Unable to get Censors' nod, film Kaafiron Ki Namaaz to release on YouTube

With no clearance from the Censor Board, award-winning film Kaafiron Ki Namaaz releases on YouTube. Catch it tomorrow

An army officer who has been court-martialled, a writer and a musician confess their secrets on a rainy Christmas Eve somewhere in Srinagar. What begins as a dramatic discussion in the room of an abandoned hotel soon turns into a chilling meeting that raises pertinent social questions. And thus, the plot of the critically-acclaimed movie, Kaafiron Ki Namaaz thickens.

Stills from Kaafiron Ki Namaaz, a psychological thriller set in Kashmir
Stills from Kaafiron Ki Namaaz, a psychological thriller set in Kashmir

Setting the film in the Valley, says director Ram Ramesh Sharma, was important because they needed a place full of irony, questions, promises and heartbreak, and Kashmir was the obvious choice. "It’s a gateway to heaven built on graveyards. From backdrop, it became a latent character in this human drama that carries shades of a thriller," he says.

The title captures the theme too. "Kaafir (kaafiron being its plural) refers to a non-believer while namaaz means prayer. Kaafiron Ki Namaaz literally means prayers of non-believers," he explains.

The two-hour, 29-minute film is the maiden production of filmmaker Bhargav Saikia’s Lorien Motion Pictures. However, while the film was still under production, the banner also produced an acclaimed short horror film, Awakenings.

Director Ram Ramesh Sharma
Director Ram Ramesh Sharma

"We shot it in 2012 in Kashmir, and it took almost a year to complete post-production. The film was ready in June 2013. It participated at Film Bazaar Goa later that year and premiered at the Jeonju International Film Festival in South Korea in May 2014 in the main international competition section," says Saikia. But bagging a theatrical release was a tough task.

"There were significant delays regarding censor certification, especially the title which hasn’t been cleared since 2011. The board also had a problem with certain scenes that make strong political comment. The producers’ association feels that the title is too sensitive. However, the film has been screened at festivals in Kolkata, Ladakh, Guwahati, Delhi and Mumbai to packed audiences, and most people have praised the title. We have had absolutely no complaint regarding the title till date," he adds.

Eventually, the makers decided going online was the way out.

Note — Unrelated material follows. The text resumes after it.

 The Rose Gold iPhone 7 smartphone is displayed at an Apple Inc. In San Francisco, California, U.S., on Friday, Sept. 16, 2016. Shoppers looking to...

"As producer, it’s tough for me to release the film for free on the Internet. However, after waiting for this long, it made sense that we release the film ourselves on a digital platform to ensure it reaches the audience without restrictions. Considering the independent nature of the film, it is important for us to give it the audience it deserves, and the web is perfect. I may not make money out of it, but I hope that the release will bring a respectable audience base to my production company and highlight the hard work all of us have put in," he signs off.